Originally Posted by Austin
Jayne, thanks for the information. That's a really informative post.

For math and science, students should do ALL the problems in the text book as well as ALL the problems in another textbook, rather than just what the professor assigns. By another textbook I mean the texts used by a large, accredited, well-respected school. ALL the problems - the easy ones can be excluded if they are truly trivial.

Austin, you'd think that is enough! But we have had a different experience.
If you know what university you child is going to go to when they begin doing college work, my advice is to skip anything associated with the high school (Dept head, counselor, laison between hi school and college, even college professor) and go to the head of each college dept. They will explain how their dept's philosophy and course load is set up.
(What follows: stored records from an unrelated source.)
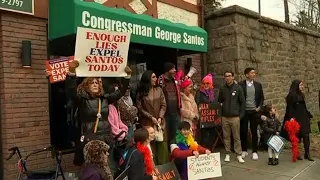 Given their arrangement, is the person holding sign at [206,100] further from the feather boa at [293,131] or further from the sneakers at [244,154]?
the feather boa at [293,131]

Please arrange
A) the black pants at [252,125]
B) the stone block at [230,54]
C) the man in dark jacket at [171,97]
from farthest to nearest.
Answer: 1. the stone block at [230,54]
2. the black pants at [252,125]
3. the man in dark jacket at [171,97]

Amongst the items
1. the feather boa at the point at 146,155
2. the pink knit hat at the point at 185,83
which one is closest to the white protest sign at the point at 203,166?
the feather boa at the point at 146,155

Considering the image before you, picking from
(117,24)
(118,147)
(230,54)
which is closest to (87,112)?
(118,147)

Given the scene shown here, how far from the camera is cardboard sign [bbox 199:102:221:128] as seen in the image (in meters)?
7.08

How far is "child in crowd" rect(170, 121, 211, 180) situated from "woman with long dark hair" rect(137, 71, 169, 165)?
0.43m

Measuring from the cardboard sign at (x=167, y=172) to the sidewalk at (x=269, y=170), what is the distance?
54.4 inches

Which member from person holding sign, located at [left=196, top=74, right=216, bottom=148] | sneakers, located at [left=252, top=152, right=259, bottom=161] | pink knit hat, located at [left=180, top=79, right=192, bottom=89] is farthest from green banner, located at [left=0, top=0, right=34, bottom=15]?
sneakers, located at [left=252, top=152, right=259, bottom=161]

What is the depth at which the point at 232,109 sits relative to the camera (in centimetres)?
691

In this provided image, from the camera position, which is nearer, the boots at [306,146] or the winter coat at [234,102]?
the winter coat at [234,102]

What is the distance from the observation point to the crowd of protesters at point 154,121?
162 inches

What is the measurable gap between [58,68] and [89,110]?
0.82 meters

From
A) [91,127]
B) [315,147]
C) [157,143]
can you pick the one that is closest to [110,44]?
[91,127]

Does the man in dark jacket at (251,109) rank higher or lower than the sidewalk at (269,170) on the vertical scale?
higher

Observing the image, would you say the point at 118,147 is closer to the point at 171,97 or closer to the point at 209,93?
the point at 171,97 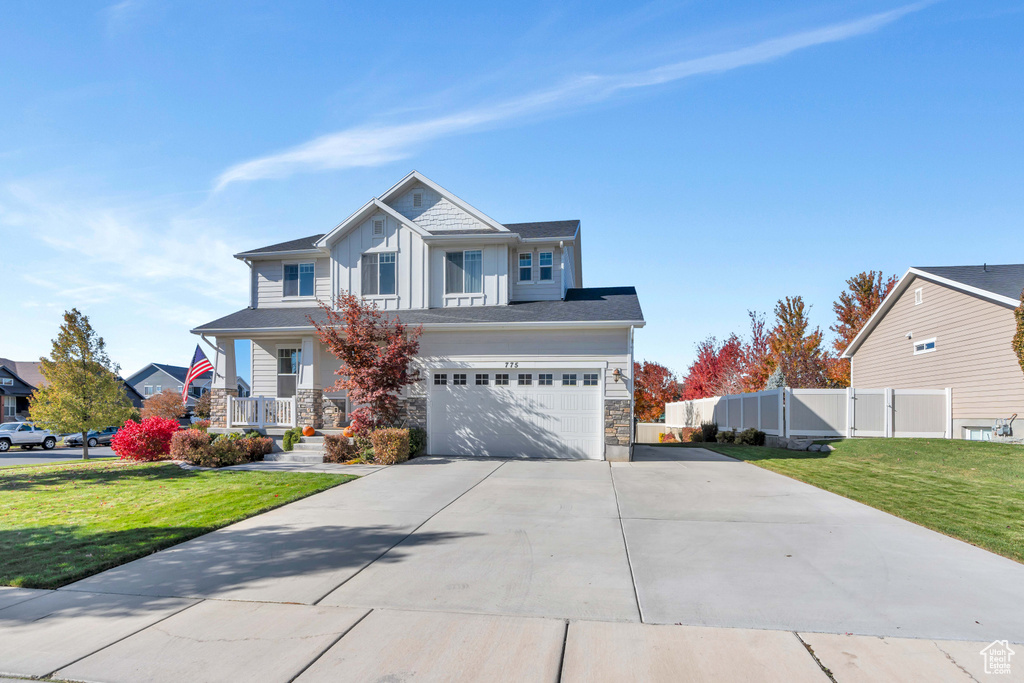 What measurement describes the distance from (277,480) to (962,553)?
11405 millimetres

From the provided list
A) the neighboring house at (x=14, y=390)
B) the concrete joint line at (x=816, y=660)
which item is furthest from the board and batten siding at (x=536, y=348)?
the neighboring house at (x=14, y=390)

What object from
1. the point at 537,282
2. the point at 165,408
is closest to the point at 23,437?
the point at 165,408

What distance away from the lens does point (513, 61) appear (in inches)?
489

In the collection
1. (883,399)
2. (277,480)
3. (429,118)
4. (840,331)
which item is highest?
(429,118)

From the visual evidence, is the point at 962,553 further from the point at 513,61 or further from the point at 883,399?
the point at 883,399

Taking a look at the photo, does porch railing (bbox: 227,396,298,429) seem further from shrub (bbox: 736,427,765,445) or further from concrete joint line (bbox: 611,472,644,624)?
shrub (bbox: 736,427,765,445)

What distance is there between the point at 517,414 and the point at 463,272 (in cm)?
519

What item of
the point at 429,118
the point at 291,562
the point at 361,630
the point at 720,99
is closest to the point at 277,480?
the point at 291,562

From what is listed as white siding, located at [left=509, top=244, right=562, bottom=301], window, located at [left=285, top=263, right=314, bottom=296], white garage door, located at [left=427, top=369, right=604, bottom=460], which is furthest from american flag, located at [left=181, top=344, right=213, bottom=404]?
white siding, located at [left=509, top=244, right=562, bottom=301]

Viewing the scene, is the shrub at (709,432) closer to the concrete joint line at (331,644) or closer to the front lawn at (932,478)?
the front lawn at (932,478)

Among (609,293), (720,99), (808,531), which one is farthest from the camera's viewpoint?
(609,293)

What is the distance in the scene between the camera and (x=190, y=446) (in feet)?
48.4

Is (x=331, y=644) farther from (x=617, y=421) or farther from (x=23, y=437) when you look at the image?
(x=23, y=437)

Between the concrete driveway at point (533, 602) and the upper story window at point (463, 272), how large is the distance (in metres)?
10.3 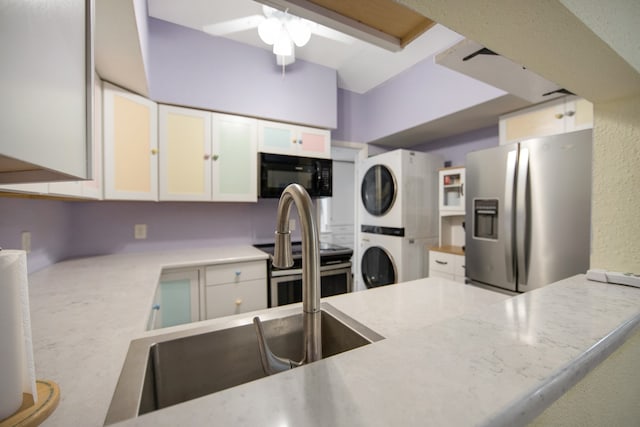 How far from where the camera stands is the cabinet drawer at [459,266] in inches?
90.7

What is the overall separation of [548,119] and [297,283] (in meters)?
2.20

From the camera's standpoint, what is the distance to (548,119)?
1903 millimetres

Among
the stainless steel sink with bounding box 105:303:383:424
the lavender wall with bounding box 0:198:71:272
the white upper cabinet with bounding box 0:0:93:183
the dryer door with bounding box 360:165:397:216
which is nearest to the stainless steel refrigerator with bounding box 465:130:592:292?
the dryer door with bounding box 360:165:397:216

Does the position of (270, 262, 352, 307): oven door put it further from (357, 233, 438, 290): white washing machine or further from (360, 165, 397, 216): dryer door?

For example, at my daughter's college, Calculus is taught from one book - a massive book. Calc I, II, and III. It integrates a lot of other subjects than math. Other advanced areas of math are integrated in periodically, along with sciences. So Calc I has random advanced math concepts taught to help build the foundation for a future math course...and same with sciences.This is due to the fact that students who take Calc, especially after Calc I, will be taking a lot of math/science courses at the same time! They need this foundation to succeed in these other classes. It's way different than high school thinking (Master the info and go on).
So...if my daughter didn't go talk to the head and find out what was covered exactly, she probably would have gone into Calc III. However, she found out that at this school she didn't know all of the other math/science inserted in Calc II. She came to understand that she knew enough to go into Calc II under their guidelines.

It isn't just math either. With English, it may be expected that they have mastered the differences between MLA and APA writing in class. Being familiar isn't always enough. Also, that they can produce "on demand" writing that is the quality of a final draft. She DID skip over the first 2 levels of English she earned credit for...only after talking to the head of that dept. Their big thing was being able to write "on demand" very quickly, being able to easily write the different types of essays - persuasive, argumentative, informational, narrative (all views), scientific, and more...writing them in the correct format, with little editing needed, good vocabulary. It is a lot, but she has ADHD and speeds through no problem with her writing. She knew she had this one covered.

Of course, it depends on the rigor of the university and each dept.

The best advice is to not assume anything. Don't trust your high school connections on any of this, and just go to the source (THE college/university or at least the most difficult one around). Also, talking to other college students helps tremendously.